While such vague niceties are standard for international diplomacy, they have nothing to do with the issue at stake—registering American trademarks on Sidamo and Harrar. The Ethiopians have been clear on their position: they want trademarks, not some “negotiated” alternative imposed by Starbucks.[6] And they are also clear on the outcome of the meeting: Starbucks continues to oppose trademarks.
Claim #8: Starbucks pays a significant premium over market price for Ethiopian coffees.
Another Starbucks media strategy is to frame their conventional coffee buying practices as Good Samaritan acts verging on philanthropy. The company continually proclaims that it is already paying “premium” prices for Ethiopian coffees. The company paid an average of $1.28/pound last year for its coffees, which Starbucks says is a “premium price” of 23% higher than the “New York C” commodity price. The company’s rhetoric leads unsuspecting readers to believe that the company pays a voluntary 23% premium for coffee. Rather, Starbucks paid $1.28 because that was the market price of the superior grades of coffee it buys. Starbucks had to pay slightly more than the average commodity price—perhaps 2-3% of the retail price—simply because this was the market price. Starbucks and its intermediary distributors bid against other companies. If Starbucks didn’t pay this price, then other specialty coffee purveyors would do so. What Starbucks doesn’t tell us is that this so-called “premium” price remains extremely low by historical standards, and barely allows coffee farmers to break-even on their costs, much less provide a sustainable income that can support families and communities. Starbucks is profiting handsomely by paying rock-bottom prices for some of the best coffees in the world, while at the same time bragging that they are going above-and-beyond to provide economic support for coffee farmers.
Claim#9. The Economist: Ethiopian government corruption means supporting trademarks is naïve.
The Economist has recently weighed in on this issue, but as a mouthpiece for Starbucks public relations rather than through a well-researched analysis of the type that the magazine is known for.[7] In an essay that appeared in their digital edition, the magazine parroted Starbucks position on certification marks, telling readers that they should accept Starbucks views because it is a large and successful business, while mocking Ethiopians’ ability to run their own businesses.
In a longer follow-up article that ran in the December 6, 2006 print edition, the Economist added a more considered argument, challenging the initiative due to the documented incompetence and corruption of the Ethiopian government. The magazine argues that it is naïve to support Ethiopian farmers with trademarks when the government is so corrupt and has failed to build the institutions necessary to support economic development.

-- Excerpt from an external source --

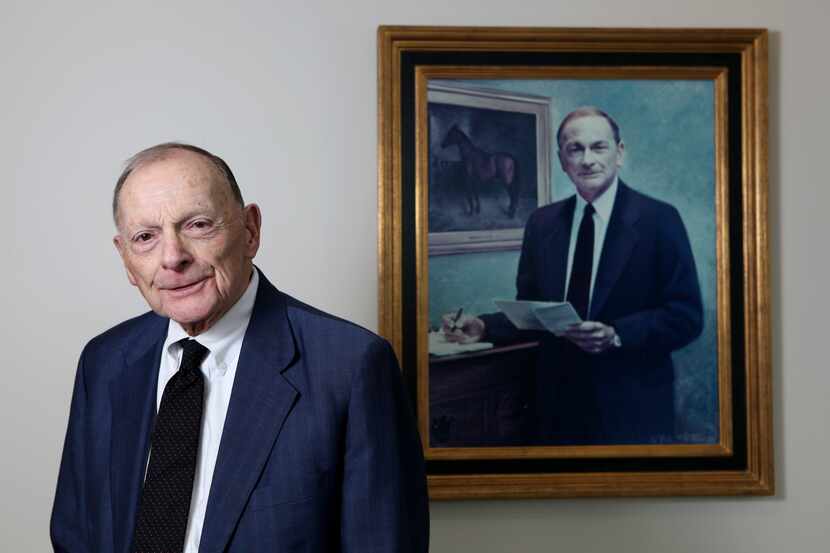 Jim Coleman, of Carrington Coleman Sloman & Blumenthal was photographed in his office on May...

This is a “guilt-by-association” argument that would not hold up if only the magazine had investigated the details of the Ethiopian efforts.

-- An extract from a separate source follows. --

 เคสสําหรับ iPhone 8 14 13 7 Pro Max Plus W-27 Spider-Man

The trademarks will be governed and managed by a coalition of Ethiopian coffee producers—coffee cooperatives, exporters, and producers. In other words, the trademark scheme is primarily a commercial venture, not a government boondoggle. The government’s only role will be to sit on the stakeholder committee in order to represent those smallholder farmers who are not directly affiliated with the larger organizations and, so, would otherwise have no representation. The coalition will be managed by veteran managers from Ethiopia’s coffee industry with assistance from Ethiopia’s Intellectual Property office. Since the coalition includes a number of large farmer cooperatives, the interests of the farmers should be well protected.

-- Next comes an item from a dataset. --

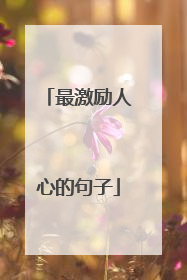 最激励人心的句子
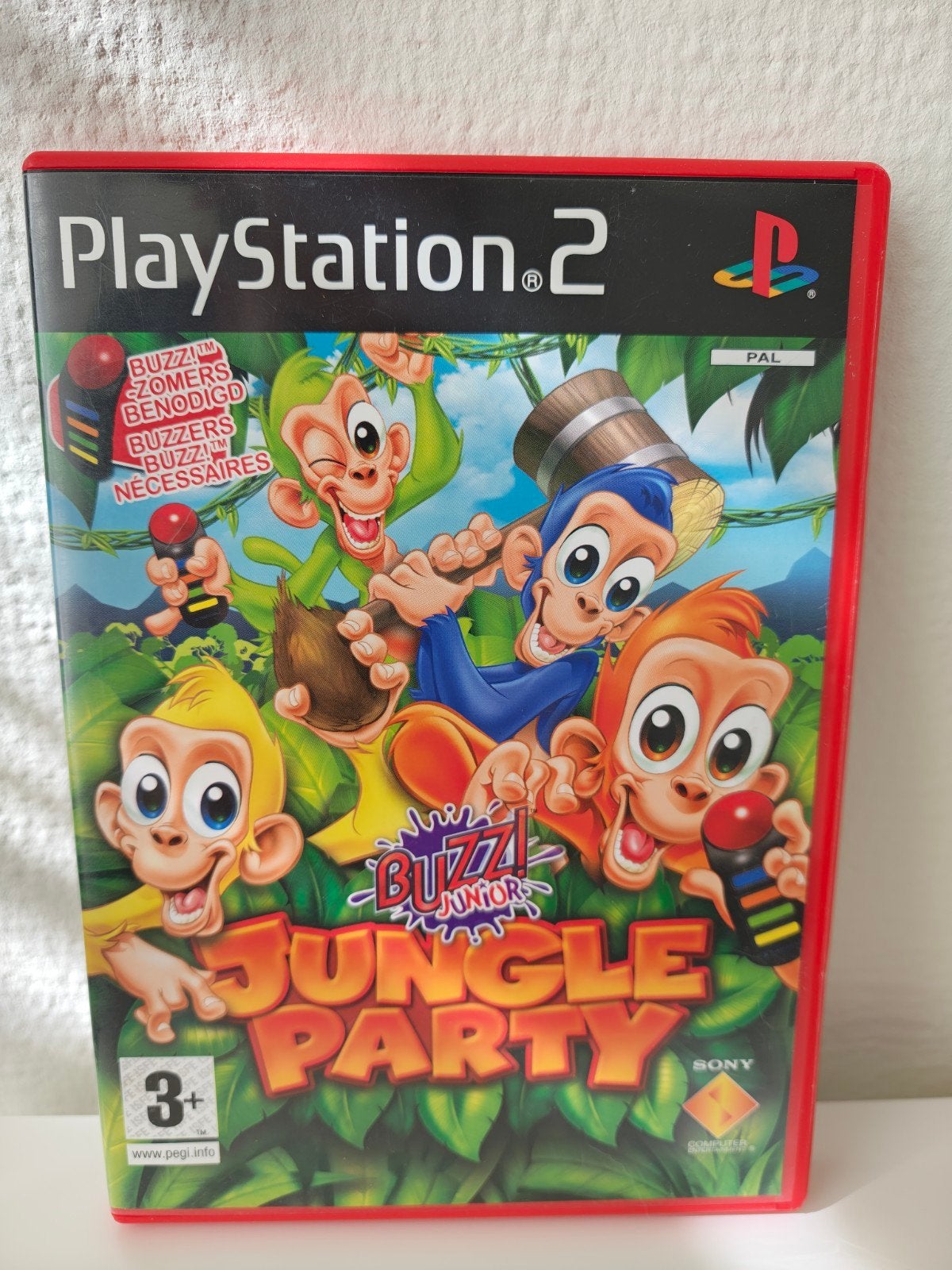 PS2 Buzz Junior Jungle Party, Muziek, Gebruikt, Ophalen of Verzenden, 3 spelers of meer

Ethiopia’s coffee businesspeople and cooperative managers are working creatively and industriously to grow the value of Ethiopian coffee in what is clearly an extremely challenging economic environment. Why should the policies of the government, good or bad, be used to justify an action by a US company to disrupt this important private sector initiative? While the Economist rarely confuses American businesses with George Bush, in this case, the magazine’s slippery rhetoric conflates Ethiopia’s small business owners and struggling farmers with the government. To deny Ethiopian coffee producers the opportunity to compete effectively in international markets because they have an inept government is the worst kind of defeatist self-fulfilling prophesy.
It is also advice that directly conflicts with the Economist’s longstanding position on development. The magazine has championed trade-not-aid as a development strategy in Africa, and has also been an articulate champion of brands (as in its famous Pro Logo issue some years back). Yet, in this case—in which a trade-driven development based upon enhancing indigenous brands comes into conflict with the profits and market power of multinational companies—the Economist falls back to a default position as champion of big business. If the magazine were truly concerned about economic development in Africa, it would be encouraging the trademarking initiative rather than condemning it with flippant and unresearched remarks.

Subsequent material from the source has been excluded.